The one caveat to this element, however, is that old gen systems just wouldn’t be able to handle the potential firepower Rocksteady is getting ready to push out the door. “The Batmobile in memory is like 160 megabytes in the game,” says Arkham Knight’s Art Director David Hego. “It will fit just about in an Xbox 360 if [that was the whole] game. There are so many textures and hundreds of thousands of polygons. It’s very next gen; very expensive shaders and textures. We’re working a lot with brushed metal, shiny, glossy metals. But also with high-tech surfaces like with carbon fiber.”

So the move to current gen systems was not only necessary, it was required. “It’s not a challenge to move to next gen,” Hill explains. “The real challenge is making sure you get the best out of the machines. It’s easy to get the game running, but it’s about, ‘What can we do that really pushes those machines?’ Obviously you see a lot of games that are cross-gen, and they feel a bit reined in because of that. Because we were able to make that decision quite early, we were able to be more ambitious with the design and make a real genuine next-gen experience.”

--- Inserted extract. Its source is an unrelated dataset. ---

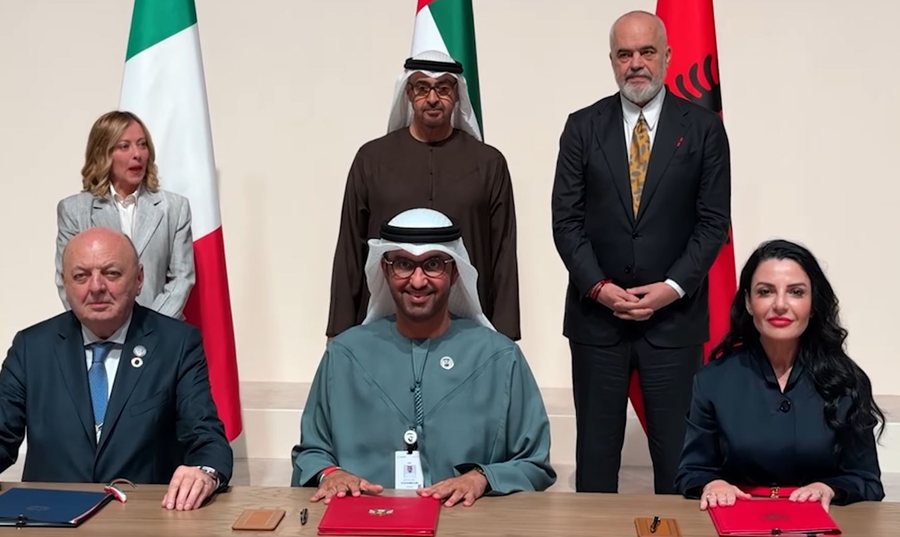 Firmoset marrëveshja Shqipëri-Itali-Emiratet Arabe për linjën nënujore të transmetimit të energjisë
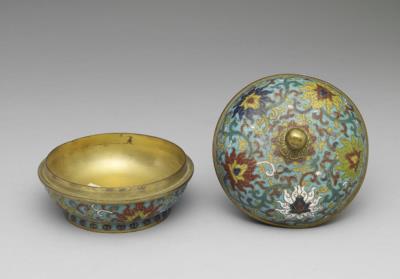 图片[2]-Copper covered box in cloisonne enamels, Qing dynasty (1644-1911)-China Archive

Even though the PS4 and the Xbox One could easily handle the addition of a multi-player component, Hill was quick to put that idea to rest. “This is a single-player game. There is no multi-player,” he says. “Right at the start, this was our vision. It’s going to take all our effort for all of this time. We don’t have the time to do multi-player. We want to focus on making the best single-player experience we can. We don’t feel that it needs a multi-player element. Warner Bros. backed that up [from the] start.”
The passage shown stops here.